Lennon explained that May’s deal, which was revealed on November 14, essentially maintains the status quo until 2020, with the deal “not saying anything concrete” about what will happen after this.

He said this was effectively “postponing a leap into the dark” for the creative industries until 2020, with “all the important issues left up in the air”.

According to Lennon, the main areas in which Brexit will impact the creative industries after 2020 are:

Movement of people

What is the issue?

  • After 2020, there will be an end to freedom of movement, which allows EU nationals to travel freely to work in other member countries.
  • It is likely EU citizens will now have to apply through the visa system currently used by applicants from the rest of the world to work in the UK.
  • The UK’s Tier 2 visa system allows 20,700 “high-skilled workers” into the UK each year, for any length of time up to three years.
  • To qualify, citizens must have a confirmed job offer or earn more than £30,000 pro rata.

How will this affect the arts?

Movement of goods

What is the issue?

  • There are likely to be added administrative and financial burdens for transporting goods and equipment around the EU.
  • This could include drivers needing international licences, vehicles requiring a permit and goods/equipment needing special paperwork, known as a ‘carnet’.

How will this affect the arts?

  • This will make it more difficult and expensive to transport scenery, props and technical equipment abroad for touring shows.
  • The cost of taking a show abroad could increase by 10-15%.

End of Creative Europe funding

What is the issue?

  • Cultural organisations in UK received nearly £17 million a year from the EU’s Creative Europe funding programme, according to a 2017 British Council report.
  • Much of this is used for small grants of up to £10,000 to kick-start creative projects.

How will this affect the arts?

  • After 2020, arts organisations will no longer have access to this funding.
  • The government have made a “vague commitment” to replicate some EU funding, but there are no specific details on how much or where this will go.

The Creative Industries Federation also commented on the latest Brexit developments.

Alan Bishop, chief executive of the CIF, said that the withdrawal agreement would take the country one step further away from a potentially “devastating” no-deal scenario.

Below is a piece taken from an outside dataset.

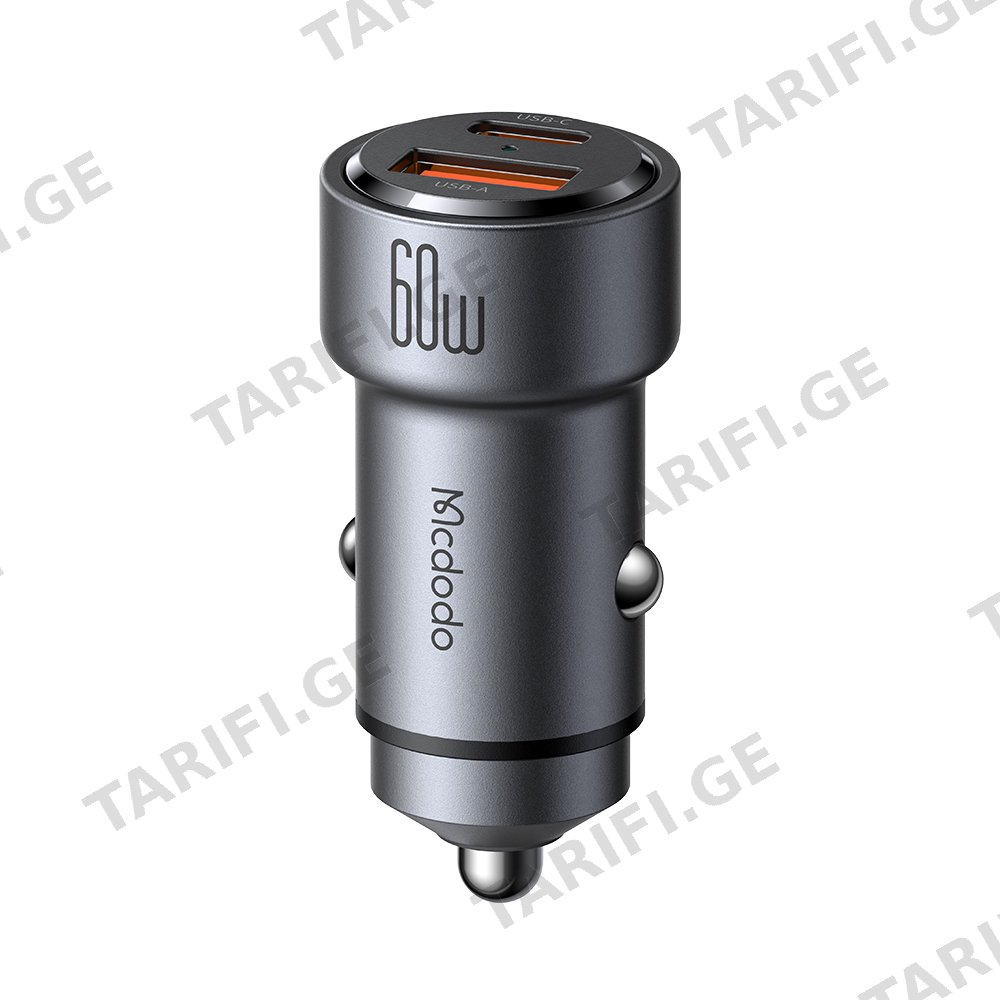 მანქანის ადაპტერი Mcdodo 60W Car charger USB-C + USB-A CC-8210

He added: “We urgently need more clarity on the final relationship. Given that the creative industries contribute £92 billion gross value added to the UK’s economy and are the nation’s fastest growing sector, it is vital that this crucial sector remains central to ongoing negotiations.”

MPs will vote on May’s Brexit deal in the coming weeks. If the agreement is rejected, the UK could face a no-deal Brexit.

The Department for Culture, Media and Sport has been contacted for comment.